The Vasa Ergometer was introduced in 2004. The "erg" allows athletes to simulate swim strokes with variable wind resistance that can be adjusted to feel like a fast or slow current. You can vary the resistance, your stroke rate and your stroke power to fine tune each workout - from light, range of motion, rehab work to swim-set simulations to race intensity simulations to maximum power intervals. An electronic performance monitor that provides precise feedback for: time; distance; pace; stroke rate; right & left arm force; and watts. If one side is weaker than the other, the monitor displays it. It is ideal for doing repeatable training workouts, performance testing, or even indoor racing without getting wet. This latter point is important and useful for those people who have allergies, skin problems or respiratory ailments caused by swimming in harsh pool environments.

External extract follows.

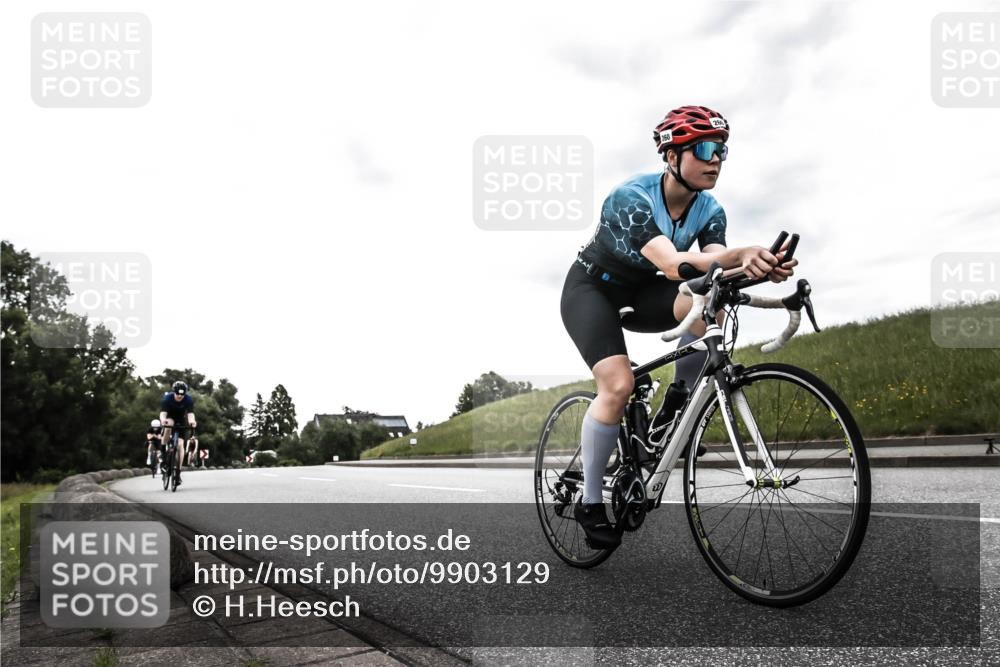 21.06.2026 - 29. Vierlanden-Triathlon H.Heesch http://msf.ph/oto/9903129 21.06.2026 10:04:20 Radfahren 90, 260, 324, 350 meine-sportfotos.de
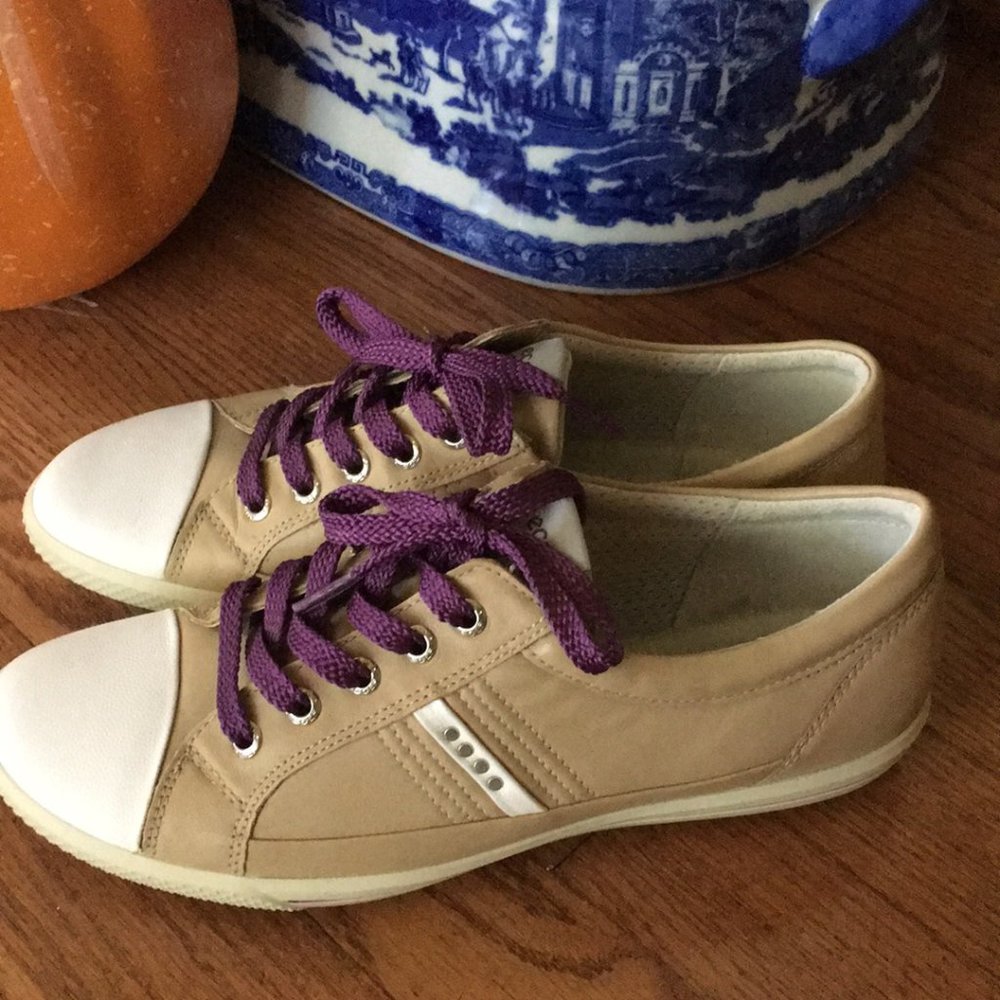 Practically New Ecco Women's Golf Street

The DrySwim Trainer and Exerciser, invented by Swim Coach James Davis and Chief Engineer Paul Dowd, is the first truly ergonomicly designed exercise machine for swimmers. The DrySwim Trainer conforms to the natural and desired body rotation to maintain a steady pace while conserving energy and swimming with “the body” and not just the “arms and legs”. There is nothing that you can do in the water that you can't do on the DrySwimTrainer. You can train distance or sprints. You can do long workouts or short ones. You can do drills including "the catch up" or "single arm drills". In fact, swimming on The DrySwim Trainer burns more fat then swimming the same workout in the water.